- _What you need to do_: Every line below must be reproduced exactly; no pictures are to be included.

- _Collected data_:
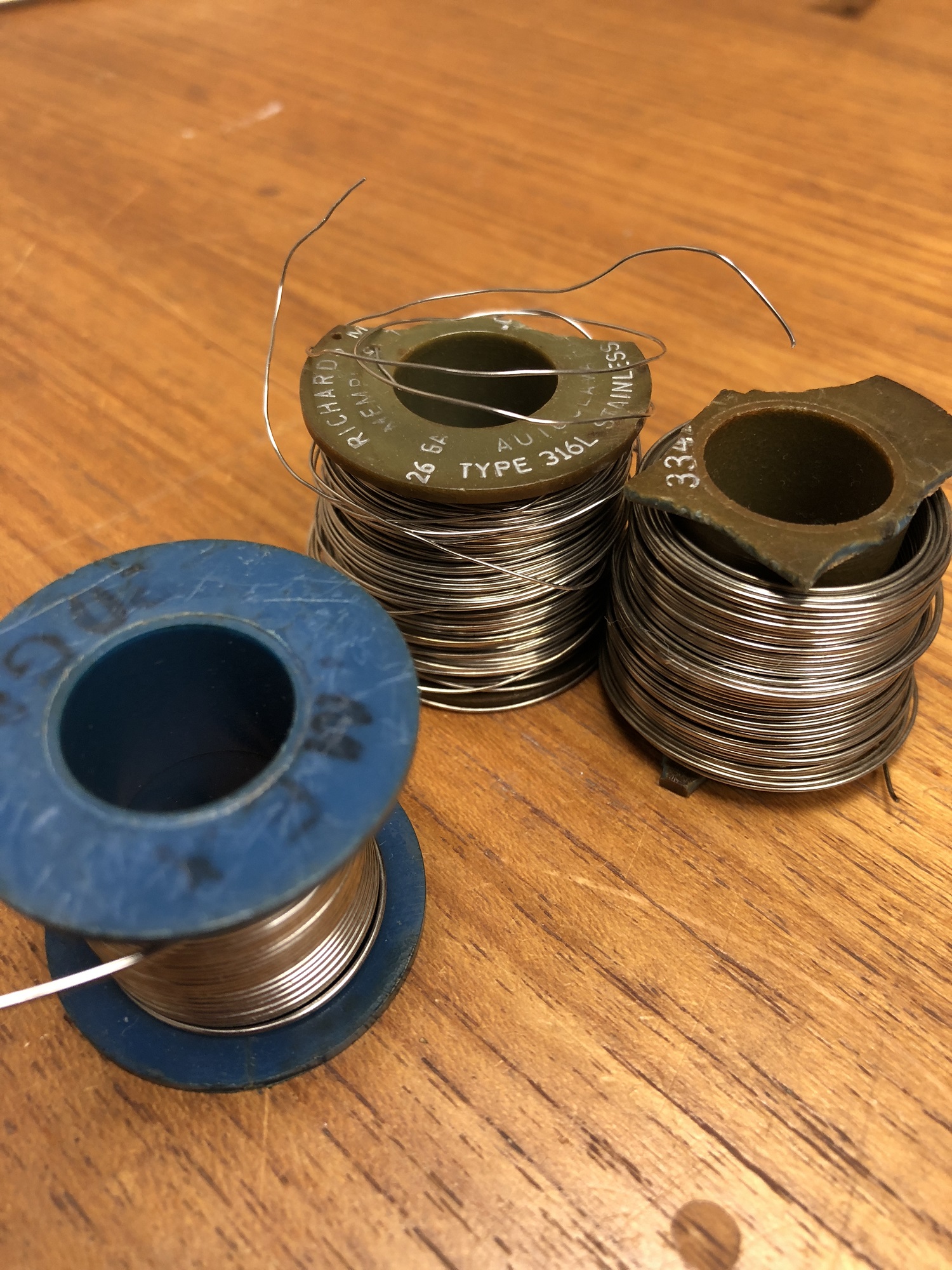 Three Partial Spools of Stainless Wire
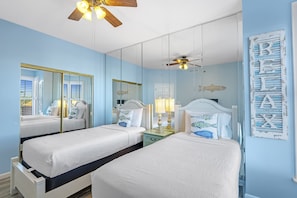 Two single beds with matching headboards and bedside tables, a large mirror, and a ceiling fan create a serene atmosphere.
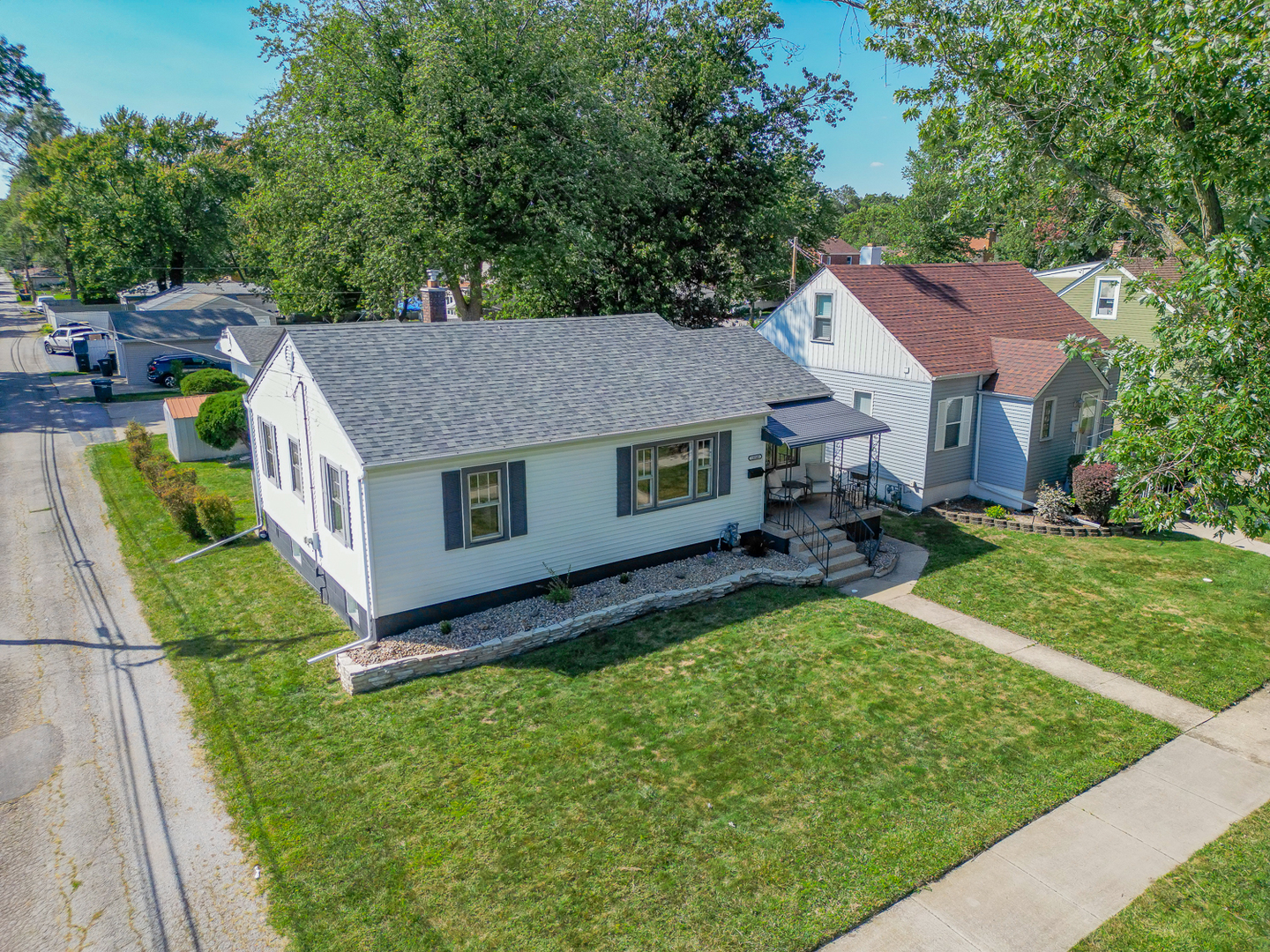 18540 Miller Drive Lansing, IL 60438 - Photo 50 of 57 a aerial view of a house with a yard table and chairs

- _Task solution_:
 Three Partial Spools of Stainless Wire
 Two single beds with matching headboards and bedside tables, a large mirror, and a ceiling fan create a serene atmosphere.
 18540 Miller Drive Lansing, IL 60438 - Photo 50 of 57 a aerial view of a house with a yard table and chairs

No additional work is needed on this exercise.